La méditation antistress
Dans l’arsenal des méthodes de gestion du stress, le bouddhisme, ou plutôt la méditation bouddhiste, a désormais sa place. Détachée de tout environnement moral, religieux ou spirituel, la méditation permettrait de résoudre une multitude de troubles physiques et psychologiques. La littérature consacrée aux bienfaits de la méditation ne cesse de grossir relayée par les magazines de psychologie et de bien-être. Mais ces livres et ces articles parlent davantage de notre condition actuelle que de méditation, en révélant en creux les souffrances et les malaises du monde contemporain. Dans leurs formules simplificatrices, les articles de presse le montrent tout particulièrement. Un grand magazine français titrait récemment « Méditer, le meilleur des antistress ». Nous devrions d’abord lire cette littérature pour ce qu’elle dit de nous.
Des études de laboratoire sont souvent citées dont il faut dire un mot. Nos traditions modernes se sont largement construites sur les hypothèses du matérialisme et que la subjectivité serait réductible aux seuls processus physiques ou neuronaux, de sorte que la méditation peut être étudiée hors de toute considération des états mentaux impliqués [1]. Dans leur imprécision, ils sont superflus et même inutiles. D’une manière assez constante, ces études ne prennent donc pas en considération le vécu propre de chaque méditant, on relève simplement des signaux objectifs comme la pression sanguine ou les ondes cérébrales. La subjectivité est non seulement évacuée mais implicitement déniée dans ces expériences. Des informations comme les émotions, les sensations, les perceptions qui ne peuvent être dites que d’un point de vue subjectif ne paraissent pas nécessaires pour comprendre la méditation. Pour les traditions bouddhistes, au contraire, la méditation est une exploration du vécu qui ramène sans cesse à la subjectivité propre de chaque individu. Un corps frissonne de vie. Dans l’expérience du vivre et du sentir, ce corps vivant excède l’épaisseur de sa seule matérialité. Comment mon esprit lui-même pourrait-il se réduire à des réseaux de connexions nerveuses qui s’agitent ? Il y a quelque chose d’autre qui vibre en moi, et ce qui vibre c’est la vie. L’apparente primauté donnée au mental dans les enseignements du Bouddha naît simplement de la singularité d’être conscient de cette condition. Cette faculté y est mise à profit pour questionner la vie vivante.

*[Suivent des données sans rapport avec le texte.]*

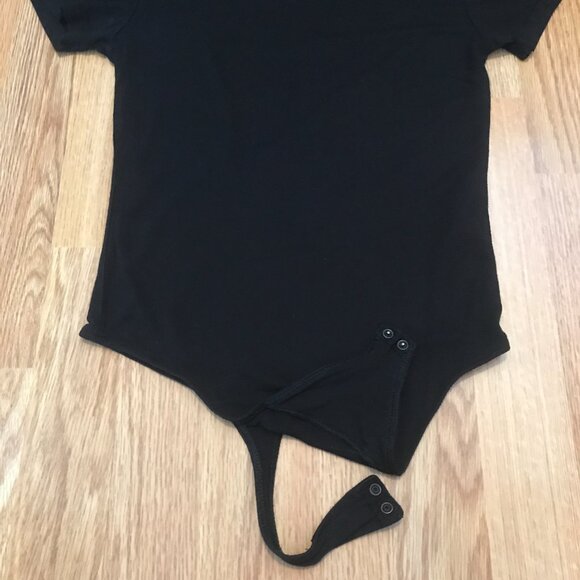 Aritzia Wilfred Free Black Short Sleeve T-shirt Thong Bodysuit Size S - Picture 5 of 7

Ces études partent du présupposé que tous les sujets étudiés méditent. Les maîtres de méditation n’ont pas ce présupposé-là, ils opèrent dans une expérience vivante, ils savent que leurs étudiants ne méditent pas mais qu’ils tentent de méditer – la différence est essentielle. Car une même technique de méditation peut résonner tout à fait différemment selon les personnes : Elle peut être source d’apaisement pour les uns, source d’anxiété ou de difficulté pour les autres, précisément par ce que l’homme n’est pas un matériel ; il est aussi tissé de sensations, de désirs et d’émotions. Toute technique résonnera d’une manière particulière selon l’histoire propre, physique et psychologique, de chacun. L’assiduité, l’ancienneté ne sont même pas des garants d’une méditation « réussie ». Chaque tradition bouddhiste a développé une diversité de stratégies, de méthodes et de contrecarrants pour travailler dans cette matière. Le maître et l’élève agissent dans une interactivité constante, chacun recherchant une compréhension claire de la qualité des états mentaux en jeu. Le maître de méditation n’est pas l’observateur tiers d’une expérimentation dont il analyserait les entrées (l’âge, le sexe, la durée de la méditation) et les sorties (la pression sanguine et les courbes électriques du cerveau) sans se préoccuper du contenu même de l’expérimentation. Il pointe directement le cœur de cette expérience, et se sait lui-même impliqué dans cette tentative de méditer. Pour lui, aucun méditant n’est anonyme ni interchangeable, car aucune expérience méditative ne ressemble à une autre. En évacuant la multiplicité des vécus en jeu, en rabattant le qualitatif sur le quantitatif, le subjectif sur l’objectif, ce genre d’études manque la signification de la méditation. De la méditation bouddhiste, le maître tibétain Chögyam Trungpa en parlait ainsi :
La méditation ne consiste pas à essayer d’atteindre l’extase, la félicité spirituelle ou la tranquillité, ni à tenter de s’améliorer. Elle consiste simplement à créer un espace où il est possible de déployer et défaire nos jeux névrotiques, nos auto-illusions, nos peurs et nos espoirs cachés. Nous produisons cet espace par le simple recours à la discipline consistant à ne rien faire. À vrai dire, il est très difficile de ne rien faire. Il nous faut commencer par ne faire à peu près rien, et notre pratique se développera graduellement. Ainsi la méditation est elle un moyen de brasser les névroses de l’esprit et de les utiliser comme partie intégrante de la pratique. Pas plus que le fumier, nous ne jetons ces névroses au loin ; au contraire, nous les répandons sur notre jardin, et elles deviennent partie de notre richesse [2].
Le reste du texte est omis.